No man is good enough to govern another man without the other's consent. — Abraham Lincoln
No man is good enough to govern another man without the other's consent.
Author: Abraham Lincoln
Insight: There's a quiet radicalism buried in this simple statement that we've mostly forgotten. Lincoln wasn't just talking about voting rights—he was describing something we all feel in our bones: the deep wrongness of someone else calling all the shots over your life. Whether it's a boss making unilateral decisions that wreck your schedule, a parent refusing to explain their rules, or a government ignoring what citizens actually want, there's a specific kind of resentment that builds when power flows only one way. What makes this idea still sharp is how we keep finding new contexts where it applies. We talk about consent in relationships and personal boundaries now, but we often forget to apply it to work hierarchies, neighborhood decisions, or even how tech companies treat users.
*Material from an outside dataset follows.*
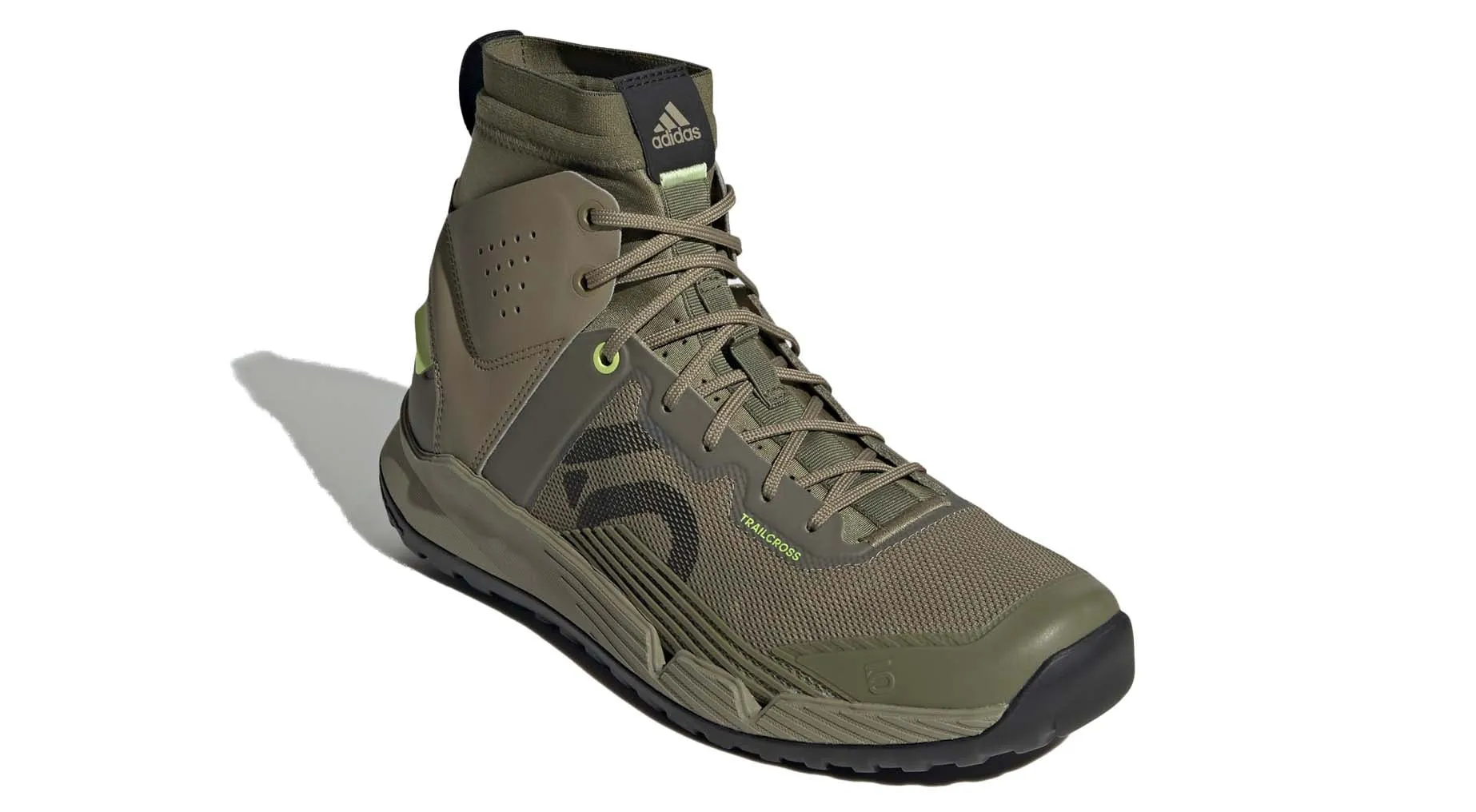 Trailcross Mid Pro Shoe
The assumption that some people simply know better and can decide for others—without asking, without listening—still sneaks into places where we don't expect it. The deeper insight here is almost uncomfortable: if no one is good enough to govern without consent, that includes the smartest, most well-intentioned people you know. It means expertise and good intentions aren't enough. People need a voice in decisions that affect them, not because they're always right, but because the alternative—being subject to someone else's judgment alone—violates something fundamental about human dignity.